Here is a piece I did early in my tenure here. It got two rates and one comment, and that was from my daughter-in-law who introduced me to OS and then promptly dropped out.
This piece is a personal favorite of mine and I was disappointed it didn't do better, but I seem to have a tin ear for such things.
I like the structure of it. It isn't a belly laugh job but is, I hope, a fun summer read, a time when people are putting off chores to grab a little hammock time. I hope you enjoy:
I love it when the flotsam of someone else’s life washes up on the rocky shore of my existence.
I found someone’s old to-do list in the library book I was reading. Not yet wholly absorbed in the book, I mulled over this trivial little list and wondered what I could deduce about the person who wrote it.
THE EVIDENCE OF THE BOOK
The book, “The Ghosts of Cannae: Hannibal and the Darkest Hour of the Roman Republic" by Robert L. O’Connell, recounts the bloodiest battle in ancient western history during which Hannibal’s horde surrounded the largest Roman army ever assembled and proceeded to hack, stab, and slash to death 48,000 of its members. Clearly, this will never make Oprah’s Book Club. It’s a guy book all the way right down to the detailed description of how to eviscerate someone with a sword.
THE EVIDENCE OF THE PAPER
The note paper on which the list is written, however, is decorated with hearts and a big pair of red lips and has a headline that reads: “Love Makes the World Go Round.” So our list writer could now be either a very bloody minded woman going through a bitter divorce vicariously enjoying the violent death of 48,000 men, or a very secure male. I am not particularly insecure, but this is not the paper I would choose to write my order list on for the guys down at the lumber yard.
THE EVIDENCE OF THE LIST
Here is what is on the list:
paint front door (struck through)
look at patios
shirts (illegible) (struck through)
There is not too much to learn about our writer here. None of these chores are gender specific like “take out the garbage” or “get nails done.” All of these items could easily be on my list, except ironing. I don’t iron. I don’t even fold. I am happy being wrinkled. However, I do windows, am a regular Hannibal when it comes to hacking at bushes and weeds, and like nothing better then spending a Saturday afternoon creeping around yards looking at patios.
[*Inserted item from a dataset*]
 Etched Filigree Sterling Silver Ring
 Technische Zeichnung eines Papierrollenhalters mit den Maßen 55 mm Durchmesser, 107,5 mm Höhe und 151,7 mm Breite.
I also make lists. Based on a recent experience, I am starting a new one called “Don’t Ever Do That Again List.” The first item is going to be "don’t eat a hard boiled egg and wash it down with prune juice before taking a six mile walk."
Suddenly, it all became clear and I understood the list. It is what I call a Coffee Cup list or what is more commonly known as a Honey Do list. Each morning, next to my coffee cup on the kitchen counter, my wife leaves a list of things she “requests” that I do during the day.
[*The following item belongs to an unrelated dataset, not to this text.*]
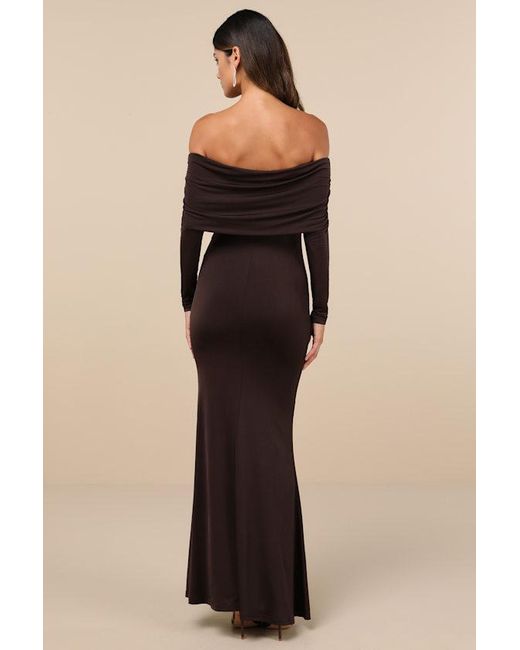 Lulus Black Effortlessly Stunning Dark Off-The-Shoulder Maxi Dress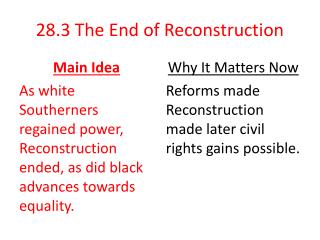 28.3 The End of Reconstruction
Our reader painted the door, did whatever to the shirts and decided that enough was enough; he was going to lean back in the old chaise lounge and absorb a little historic mayhem. Using his beloved’s “little list” as his bookmark was a nice touch. I like this guy and wonder if he got to finish the book, or at least got to the gory part, before his wife got home and made him move the refrigerator.